# XD life Span...



## [email protected]

Bought it about 9 weeks ago SC XD 9mm shot 4000 rds (think I'm insane, huh?), love it so much just can't stop taking it to the range and so much I bought a 45 ACP today . 
I'm curious life expectancy for XD, XD barrel, and hammer.
Any comment?


----------



## Todd

4000 rounds in 9 weeks! Holy crap! 

I don't think you're going to fine a definitive answer of, "The XD will last ______ rounds before it dies." There are guys, some here, and more on XD Talk, that have waaaaaaay more rounds through their guns than yours and they're still working. Maintain it properly and it will last. 

FYI, the XD has a striker, not a firing pin.


----------



## propellerhead

I went over 10,000 in the first year I had my XD9 Service. I only cleaned it maybe 7-8 times during that year. I was shooting about 200 per week. It's around 12,500 right now. I've bought other XDs so this one gets to see see some downtime in the safe. 

http://handgunforum.net/showthread.php?t=7111


----------



## Joeywhat

You should get well over 10,000 with it...IIRC there was a test done by a group that did something similar to the Glock testing...drop it on all sorts of nasty stuff and shoot it a whole lot. I believe they did that test (which is around 1000 rounds), and still put another 10,000 through it afterwards.

I just recently bought an XD9, and if time permits I'll probably put a couple thousand through it every month or so. I can get range ammo for around $180-200/1000, which isn't too bad. I can afford that on a monthly/bi-monthly basis.


----------



## niadhf

Just a question. 4000 rounds in 9 weeeks (yipes) and you have questions of its dependability? why? I read that as you have had lots of problems (dependability vs. life span) and haven't heard such. Looking for some clarification as it is a "short list" gun for me and have heard MUCH positive (and have loved it when i shot it) and little negative.
Thanks


----------



## BrokenArrow

Read of a 20,000 round test w an XD9.

SA says they have test fired various models over 20,000 rounds, including the XD45 compact.

Heard of some 9/40s going over 100K at a rental range somewhere; it's possible.

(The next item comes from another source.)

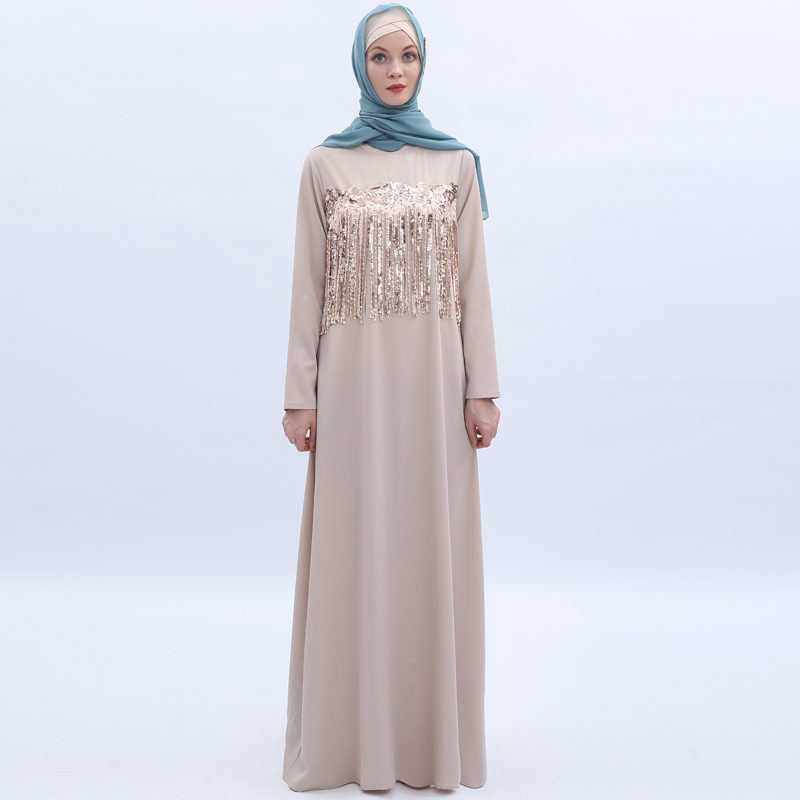 

Sequin Tassel Abaya Dubai Muslim Hijab Dress Kaftan Abayas For Women Caftan Islamic Clothing Turkish Dresses Jilbab Robe Femme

Nobody really knows. Glocks are tough, but some of them have failed 10K tests w the feds (DHS), and the FBI broke two under 20,000 rounds when they tested 'em in 1997 (10,000 was the min required). A SIG P229/357 in federal service has over 100,000 through it. Some lasted much less. 

Stuff happens. Or not.


----------



## Joeywhat

I think the major factors that will play into the life expectancy are how well it is treated, teh ammo you are running through it, and how often and thoroughly you are cleaning it. Also, because something on the gun breaks doesn't mean it's toast...send it back to Springfield and they will fix it for you..lifetime warranties are great.


----------